• TASK REQUIREMENTS: Lines before the one containing "Stůl Troy 90cm transparentní/ černý" are not wanted; restate the rest below word for word, through the last line, but drop any pictures.

• GIVEN DATA:
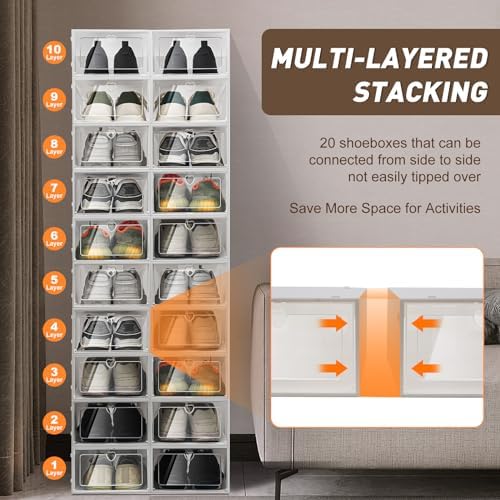 20 Pack Shoe Storage Boxes, Foldable Shoe Container - Image 4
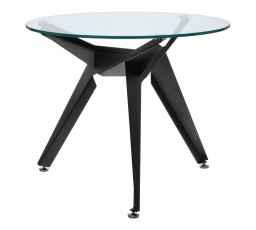 Stůl Troy 90cm transparentní/ černý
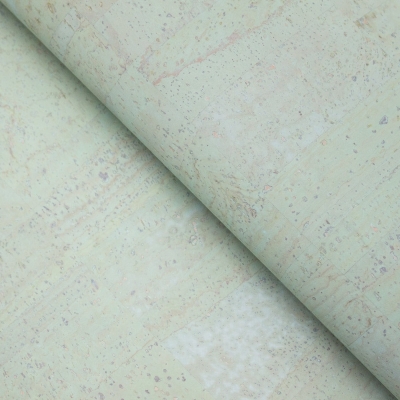 Premium Solid Green Pastel Cork Fabric COF-370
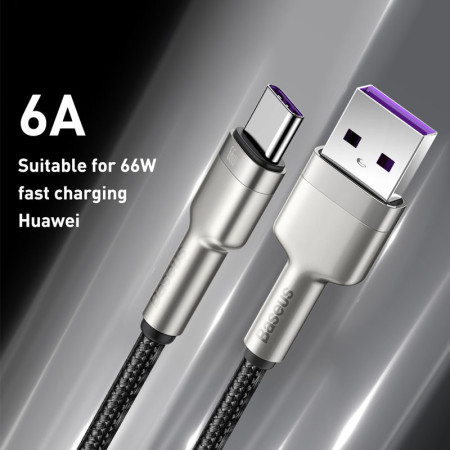 Кабель USB Baseus Cafule Metal Type-C 66W (CAKF000101) Black 1m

• EXPECTED ANSWER:
 Stůl Troy 90cm transparentní/ černý
 Premium Solid Green Pastel Cork Fabric COF-370
 Кабель USB Baseus Cafule Metal Type-C 66W (CAKF000101) Black 1m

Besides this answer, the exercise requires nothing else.